Often, the question in this type of development is one of value of information, whether the risk reduction of the series of pilots is worth the cost, and so often, a number of alternatives need to be investigated using different combinations of possible pilots.
Typically these types of questions are addressed by decision trees. The challenge here is they can become very large, especially when an integrated approach is required (and it usually is) that accounts for all of the other uncertainties surrounding the decision, in addition to the one decision being investigated by the pilot testing. In such a case, a decision tree approach can become very cumbersome due to the large number of end nodes (thousands or tens of thousands) leaving the analyst to revert to shortcuts, which can detract from a full understanding of the full range of possible outcomes.
Figure 2: Simple Decision Tree with only eight end nodes
The PetroVR Solution
PetroVR is a discrete event simulator with a powerful built-in scheduling capability that allows for modeling exactly how a developer would envisage developing the project over time. With this, PetroVR helps take a more natural and intuitive approach to modeling decisions rather than the traditional decision tree methodology. The decisions are modeled right into the schedule at the point in time when they are to be made. Logic can be attributed to each decision event based on how it would actually be made, given the information value measure that is available at that time.
Logic can be attributed to each decision event right in the model, just as
the decision would be made in real time
Let's take the simple example of a Decision Tree shown above and show how easy it is to conceptualize and model in PetroVR. The first activity on the schedule is Exploration. After that, a decision is made and modeled right into the schedule itself. The decision to be made is: if the exploration well is a success (hydrocarbons present) then proceed with the next activity (Appraisal), and if not stop the project.
In the next activity, Appraisal, a second decision is modeled into the schedule after that activity. In this case: if reserves > minimum economic cutoff volume then proceed with next activity, if not, stop the project. The next activity is an extended production test, and the decision after that is based on the outcome of the test, build small, medium or large facilities.
As can be seen by this workflow, in PetroVR it is simple and easy to build any number of decisions right into the schedule and let the PetroVR simulator take care of the outcomes and decision paths through it's powerful combination of a time event simulator together with uncertainty characterization via Monte Carlo simulation. The analyst must only capture a relatively few number of decisions, and PetroVR calculated all possible outcomes, rather than in a decision tree world where every outcome (many) must be calculated through manually.
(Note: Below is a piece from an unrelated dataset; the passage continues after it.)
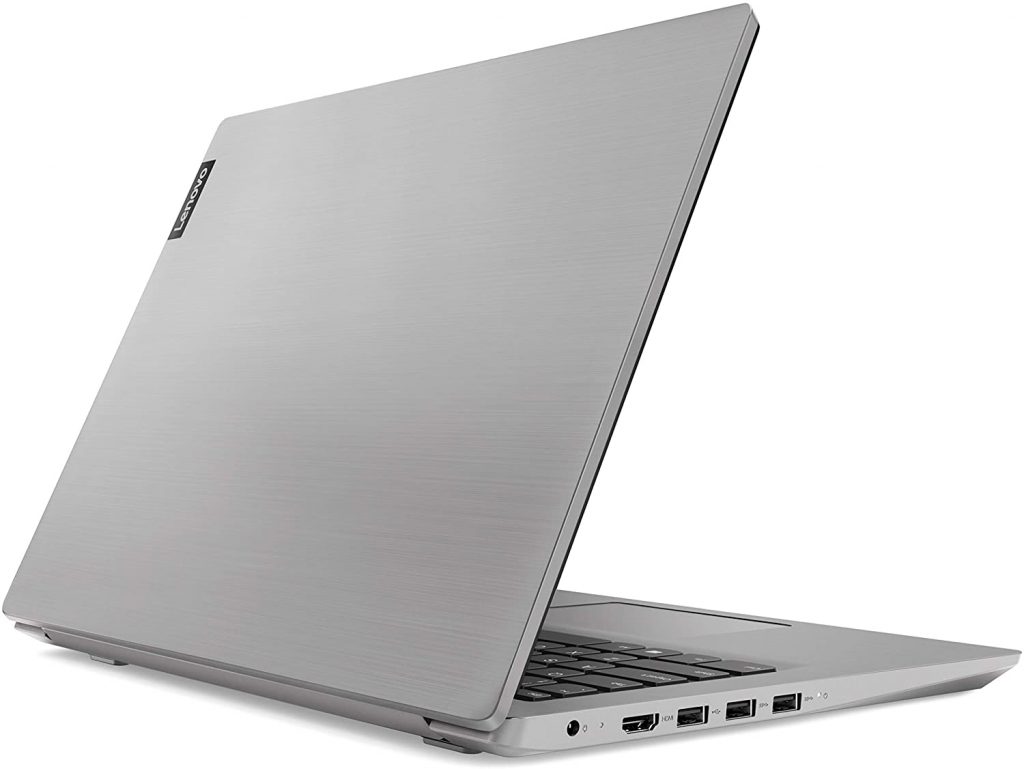 Lenovo Ideapad 3 14IIL05 Core i3 4GB RAM 1TB HDD Price in Kenya (2026)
This saves the analyst a significant amount of time, and is much less error prone.
Here is how it might look in PetroVR:
Figure 3: Decisions modeled into a PetroVR Schedule
How It Works
- The range of uncertainty is expressed by the analyst for each of the inputs.
- This uncertainty range is sampled by the Monte Carlo simulation and the decision tests are performed. If the sample passes the test, the next phase is executed, if the sample fails the test, then the project is stopped and there is an exit. An example of a fully successful exploration, appraisal and piloting program, as well as a couple of failure cases that lead to project exit, are shown below.
- An Expected Monetary Value (EMV) for the test program is established by repeated simulation runs. In each run, the appropriate decision path is followed on the basis of the sampled values of all model uncertainties.
Simulation Schedules (Figs. 4a - 4c) reveal one sample that passes all decisions, a second that fails at the first decision gate, and a third that fails at the second decision gate.
Compared to decision trees, a discrete event simulator can save a significant amount of modeling time and is much less error prone. PetroVR takes a natural and intuitive approach to modeling decisions, where decisions are modeled directly into the schedule at the point in time when they are to be made. Logic is attributed to each decision event based on how it would actually be made, given the information value measure available at that time.